AVAILABLE DATA Start Marker

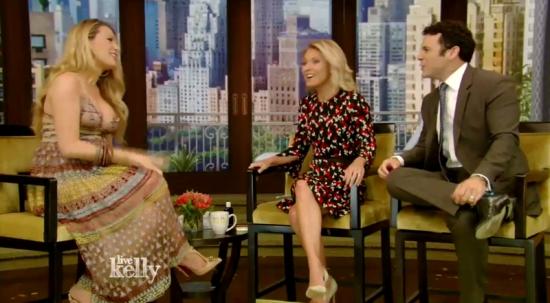 Click to view full size image
==============
blakelively-interview00132.jpg blakelively-interview00132.jpg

AVAILABLE DATA End Marker

Exclude the pictures, and transcribe all of the material exactly.

 Click to view full size image
==============
blakelively-interview00132.jpg blakelively-interview00132.jpg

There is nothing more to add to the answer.